BRIEF:
Lines in the listing below that contain the string "Round" are to be found and copied.

####################

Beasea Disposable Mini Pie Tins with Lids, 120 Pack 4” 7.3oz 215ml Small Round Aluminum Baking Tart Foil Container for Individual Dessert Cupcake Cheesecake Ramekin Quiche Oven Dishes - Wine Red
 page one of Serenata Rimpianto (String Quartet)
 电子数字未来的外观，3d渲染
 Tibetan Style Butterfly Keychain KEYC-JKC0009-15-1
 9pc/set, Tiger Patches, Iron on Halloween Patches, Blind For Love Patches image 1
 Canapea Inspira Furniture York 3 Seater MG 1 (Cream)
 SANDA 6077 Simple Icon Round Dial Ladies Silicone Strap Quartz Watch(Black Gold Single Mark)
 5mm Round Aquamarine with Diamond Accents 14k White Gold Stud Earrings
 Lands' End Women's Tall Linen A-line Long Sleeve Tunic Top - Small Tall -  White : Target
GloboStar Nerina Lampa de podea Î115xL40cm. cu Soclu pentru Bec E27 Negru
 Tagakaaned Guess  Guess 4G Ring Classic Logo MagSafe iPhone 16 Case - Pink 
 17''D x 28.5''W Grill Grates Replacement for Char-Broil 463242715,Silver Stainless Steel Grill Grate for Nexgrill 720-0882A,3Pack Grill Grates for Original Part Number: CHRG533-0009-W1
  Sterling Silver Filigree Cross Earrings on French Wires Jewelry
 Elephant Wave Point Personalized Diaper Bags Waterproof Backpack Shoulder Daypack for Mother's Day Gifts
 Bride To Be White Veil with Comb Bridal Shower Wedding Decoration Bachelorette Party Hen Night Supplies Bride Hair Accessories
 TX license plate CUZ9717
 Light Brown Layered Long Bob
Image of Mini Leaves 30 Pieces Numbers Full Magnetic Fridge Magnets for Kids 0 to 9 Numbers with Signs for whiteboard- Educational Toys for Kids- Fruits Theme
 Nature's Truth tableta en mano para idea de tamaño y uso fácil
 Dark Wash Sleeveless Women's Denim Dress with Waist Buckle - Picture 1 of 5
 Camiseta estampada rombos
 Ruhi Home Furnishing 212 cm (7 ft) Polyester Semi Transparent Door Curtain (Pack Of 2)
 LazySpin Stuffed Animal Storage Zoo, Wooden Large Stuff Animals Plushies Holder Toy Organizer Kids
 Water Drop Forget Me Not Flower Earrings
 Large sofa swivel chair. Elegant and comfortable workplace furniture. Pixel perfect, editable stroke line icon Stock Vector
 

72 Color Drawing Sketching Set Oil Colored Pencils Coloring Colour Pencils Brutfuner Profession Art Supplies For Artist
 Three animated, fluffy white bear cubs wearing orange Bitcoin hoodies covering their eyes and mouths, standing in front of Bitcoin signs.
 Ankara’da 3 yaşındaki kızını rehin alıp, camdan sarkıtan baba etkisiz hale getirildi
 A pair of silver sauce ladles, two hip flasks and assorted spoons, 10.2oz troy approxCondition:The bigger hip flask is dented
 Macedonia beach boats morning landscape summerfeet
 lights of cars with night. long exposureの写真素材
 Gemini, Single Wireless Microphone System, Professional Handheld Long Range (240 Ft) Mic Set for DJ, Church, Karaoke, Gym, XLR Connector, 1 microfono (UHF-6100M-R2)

####################

EXERCISE ANSWER:
Beasea Disposable Mini Pie Tins with Lids, 120 Pack 4” 7.3oz 215ml Small Round Aluminum Baking Tart Foil Container for Individual Dessert Cupcake Cheesecake Ramekin Quiche Oven Dishes - Wine Red
 SANDA 6077 Simple Icon Round Dial Ladies Silicone Strap Quartz Watch(Black Gold Single Mark)
 5mm Round Aquamarine with Diamond Accents 14k White Gold Stud Earrings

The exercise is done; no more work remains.